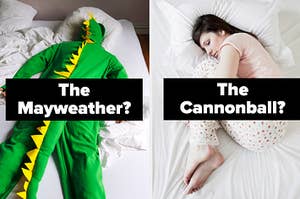 A man in a dinosaur onesie lays face down in a bed and a woman sleeps on her side with her knees to her chest 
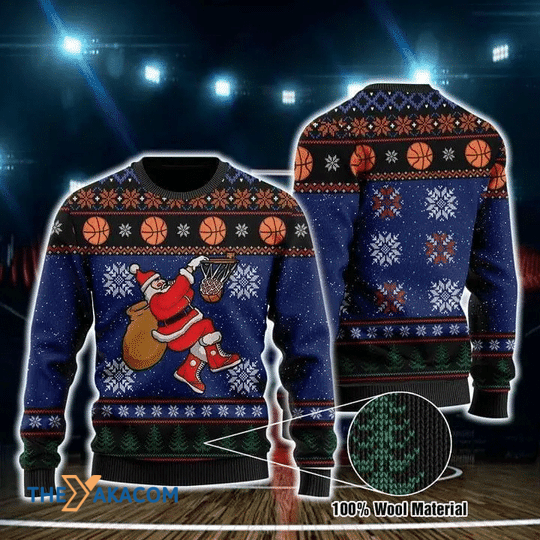 Merry Xmas Amazing Santa Clause Basketball Gift For Christmas Party Ugly Christmas Sweater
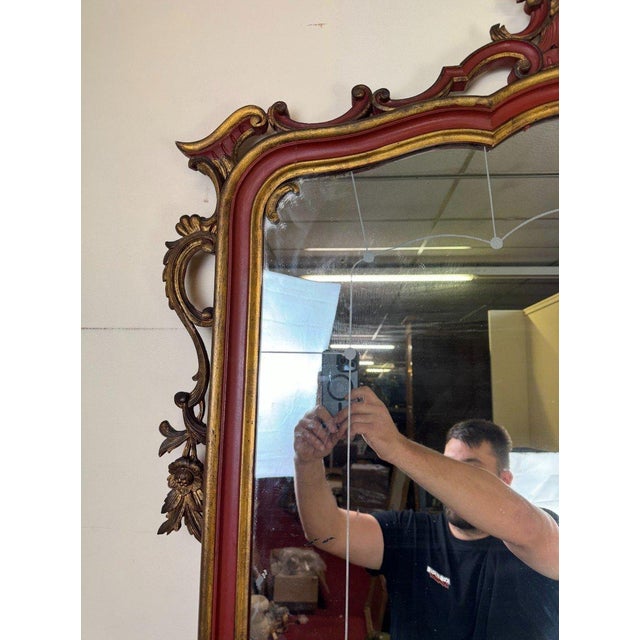 Purple Louis XV Baroque Style Venetian Mirror in Lacquered and Gilded Wood For Sale - Image 8 of 9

• **DIRECTIONS**: Restate word for word the lines running from the first line of the material to the line containing "Merry Xmas Amazing", inclusive, and drop every picture.

• **RESPONSE**:
 A man in a dinosaur onesie lays face down in a bed and a woman sleeps on her side with her knees to her chest 
 Merry Xmas Amazing Santa Clause Basketball Gift For Christmas Party Ugly Christmas Sweater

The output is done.